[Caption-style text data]
▽
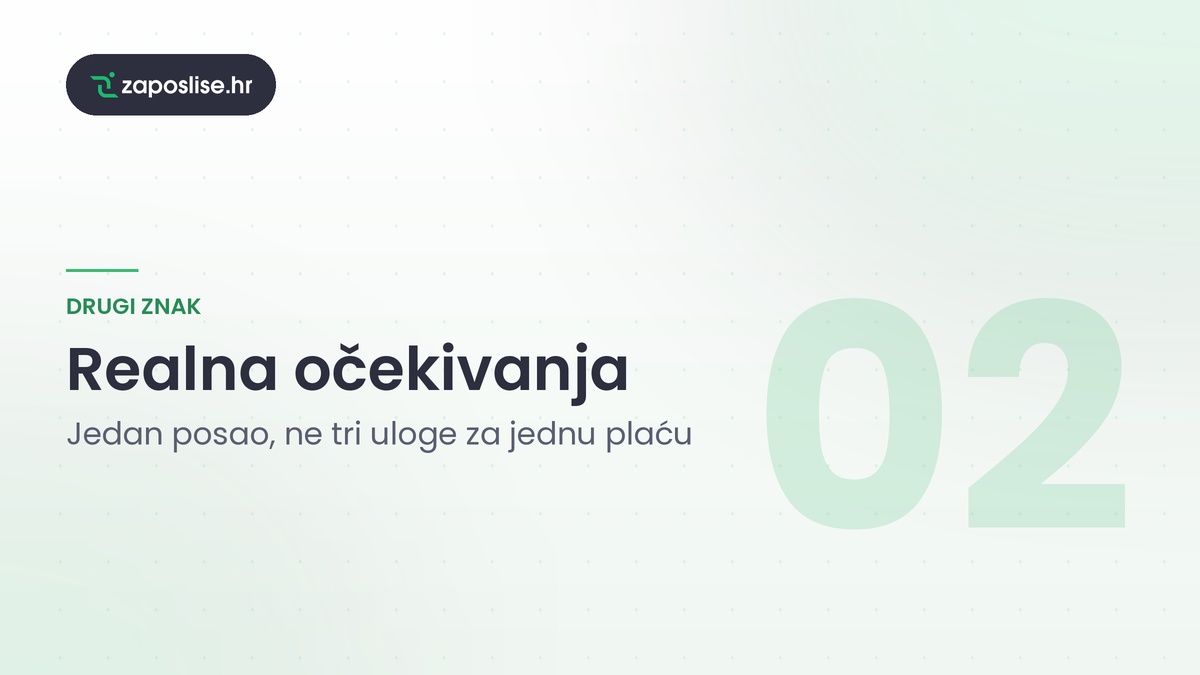Posao, plaća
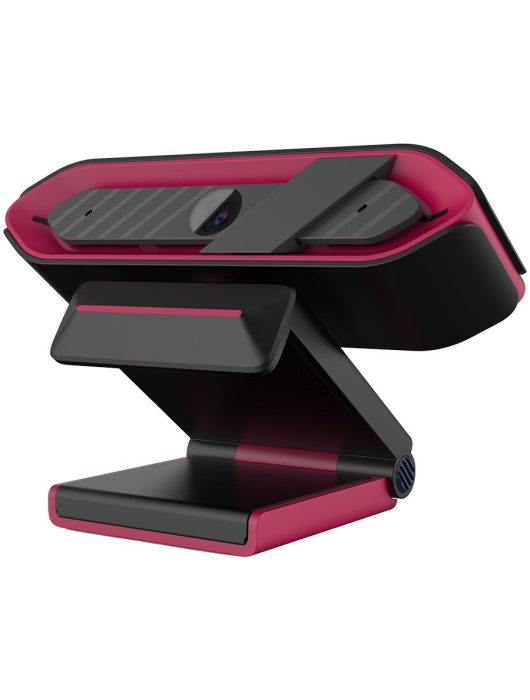 LORGAR Rapax 701 Webkamera Black/Pink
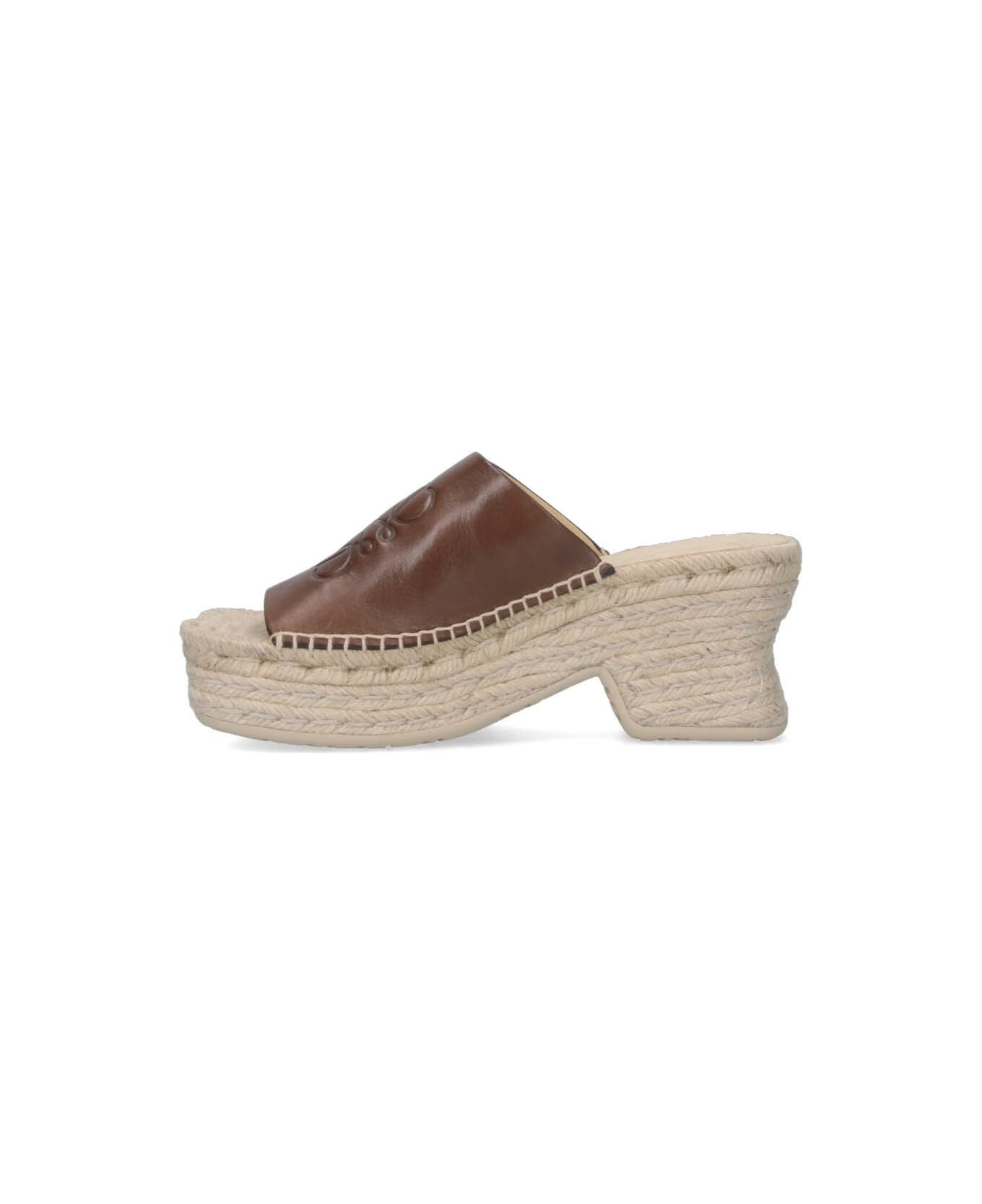 'anagram' Wedges - 3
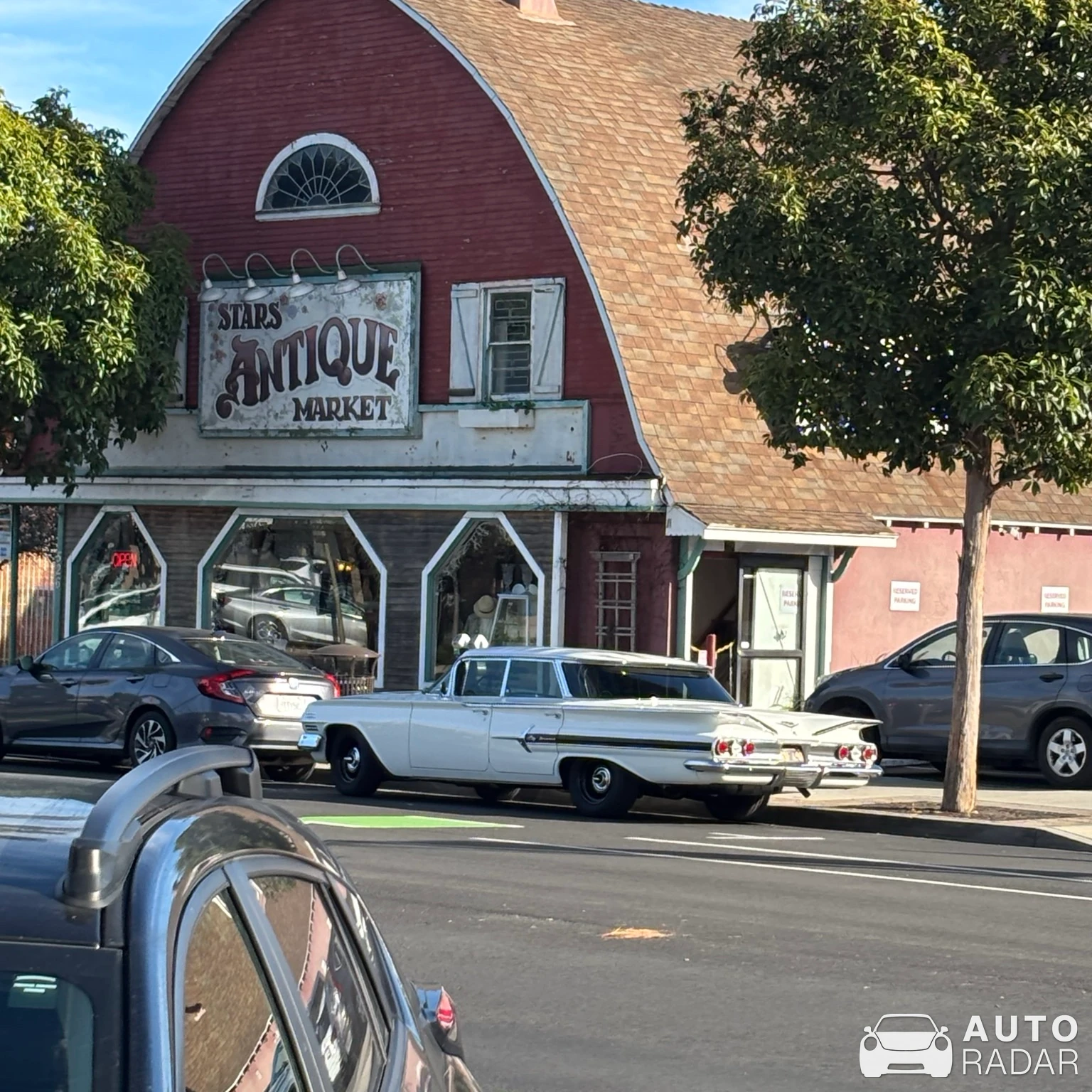 Chevrolet Impala spotted in Hermosa Beach, United States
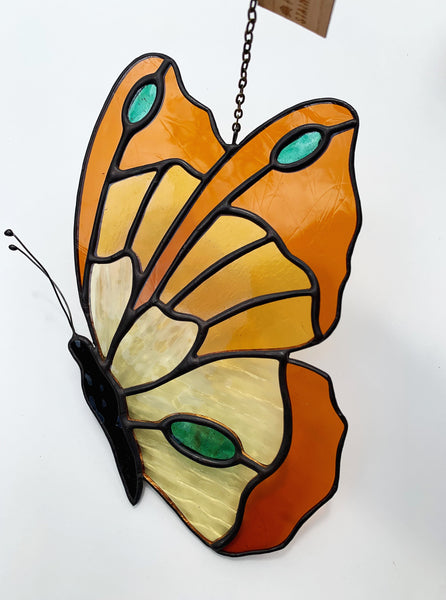 MADE TO ORDER • 9” Butterfly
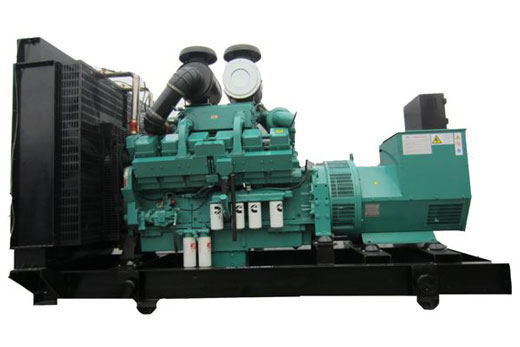 岳阳柴油发电机组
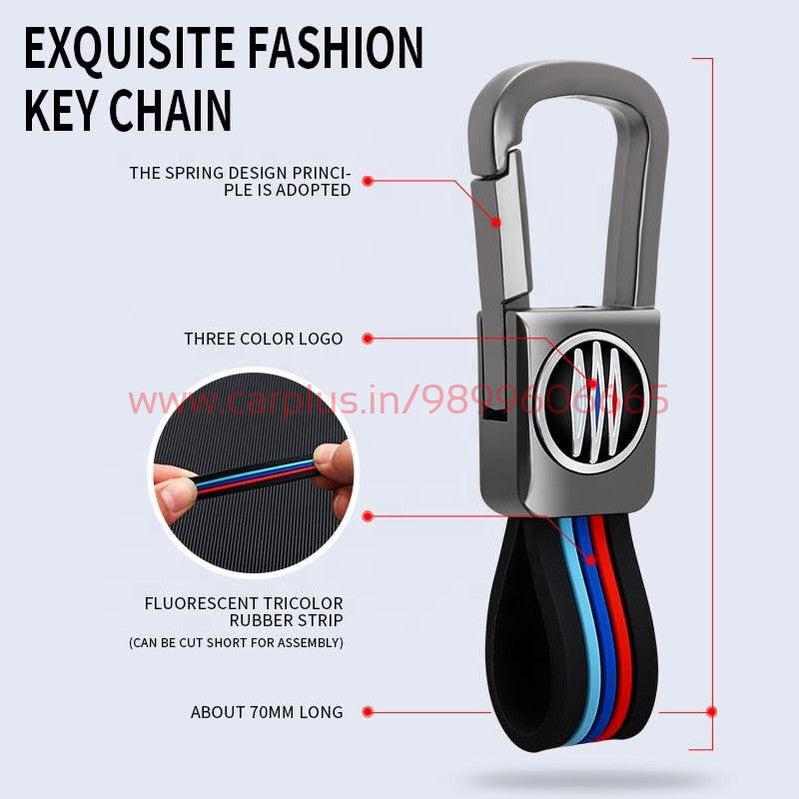 
                  
                    KMH Metal With Silicone Car Key Cover for Range Rover D2-METAL KEY COVER-KMH-METAL KEY COVERS-CARPLUS
                  
                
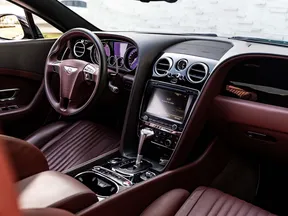 Bentley Continental GT S 2016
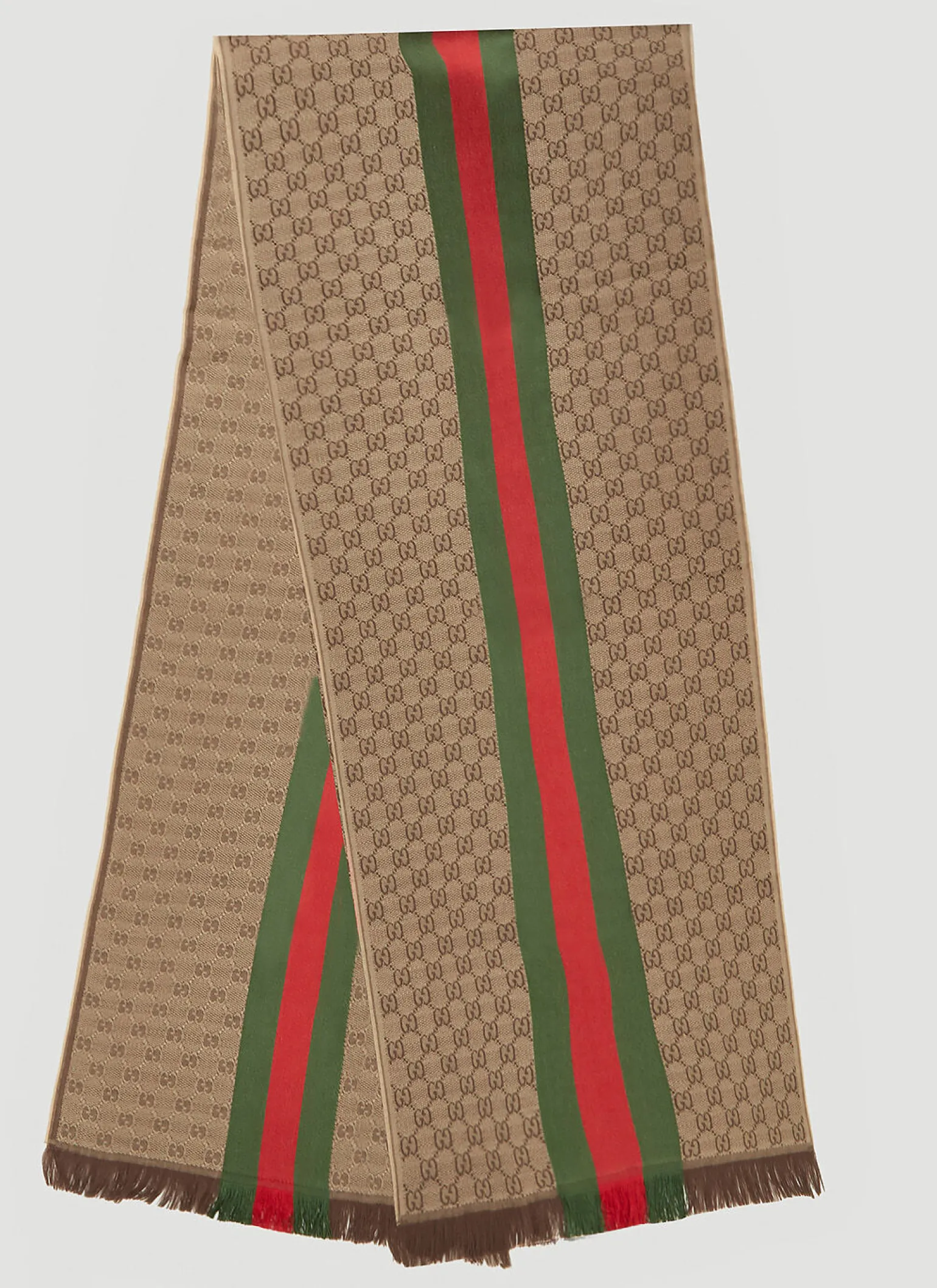 Gg Logo Scarf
△
What you are asked to do. Leave out the images and repeat the rest of the data word for word.

Exercise result.
Posao, plaća
 LORGAR Rapax 701 Webkamera Black/Pink
 'anagram' Wedges - 3
 Chevrolet Impala spotted in Hermosa Beach, United States
 MADE TO ORDER • 9” Butterfly
 岳阳柴油发电机组
                  
                    KMH Metal With Silicone Car Key Cover for Range Rover D2-METAL KEY COVER-KMH-METAL KEY COVERS-CARPLUS
                  
                
 Bentley Continental GT S 2016
 Gg Logo Scarf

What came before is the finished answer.